## Your objective
All of the listing below must be repeated word for word. Pictures are the only thing to omit.

## Provided material
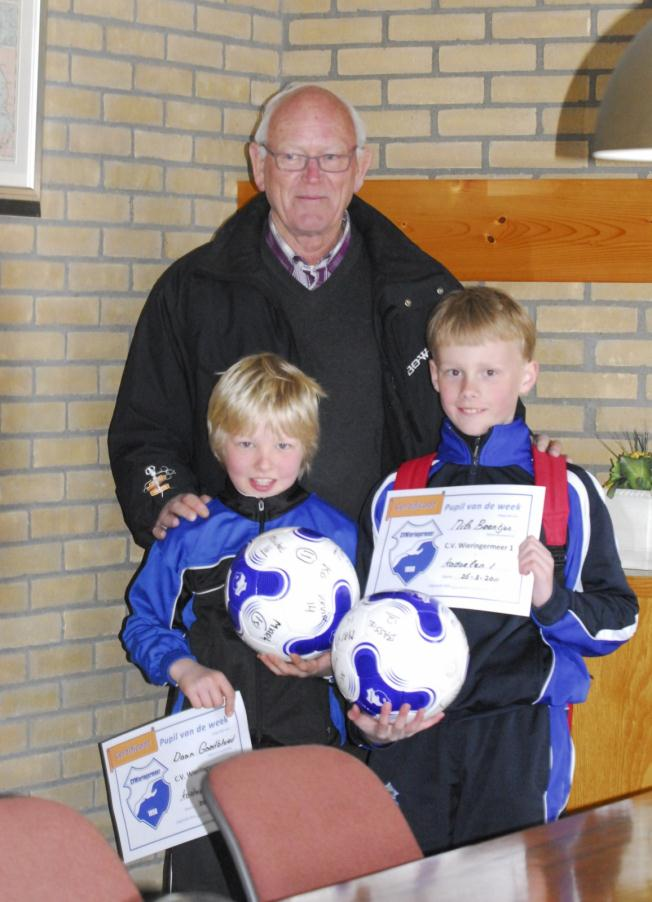 !! Pupillen van de Week 26 maart Van links naar rechts Andre (coach), Tonnie (sponsor), Edwin (coach/trainer) Sem, Joël, Pim, Corné, Tom,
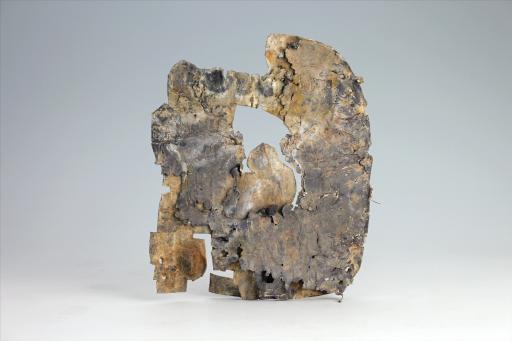 春秋时期“P”形包锡箔锡饰片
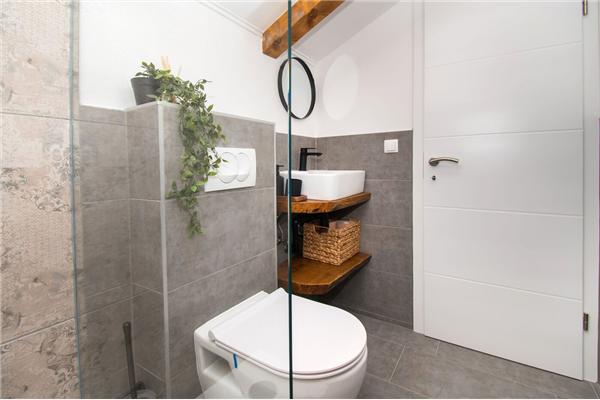 House K1, for 5 persons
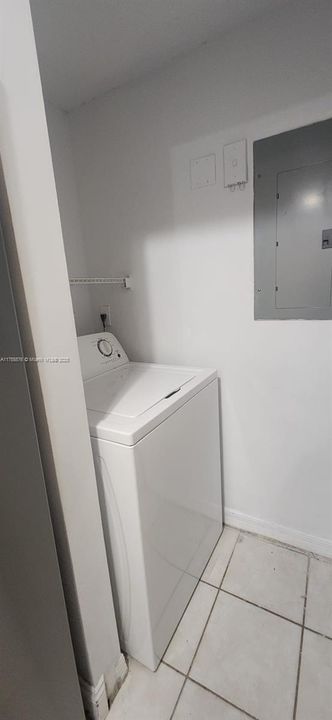 Recientemente alquilado: $2,000 (2 camas, 2 baños, 1051 Pies cuadrados)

## Your response
 !! Pupillen van de Week 26 maart Van links naar rechts Andre (coach), Tonnie (sponsor), Edwin (coach/trainer) Sem, Joël, Pim, Corné, Tom,
 春秋时期“P”形包锡箔锡饰片
 House K1, for 5 persons
 Recientemente alquilado: $2,000 (2 camas, 2 baños, 1051 Pies cuadrados)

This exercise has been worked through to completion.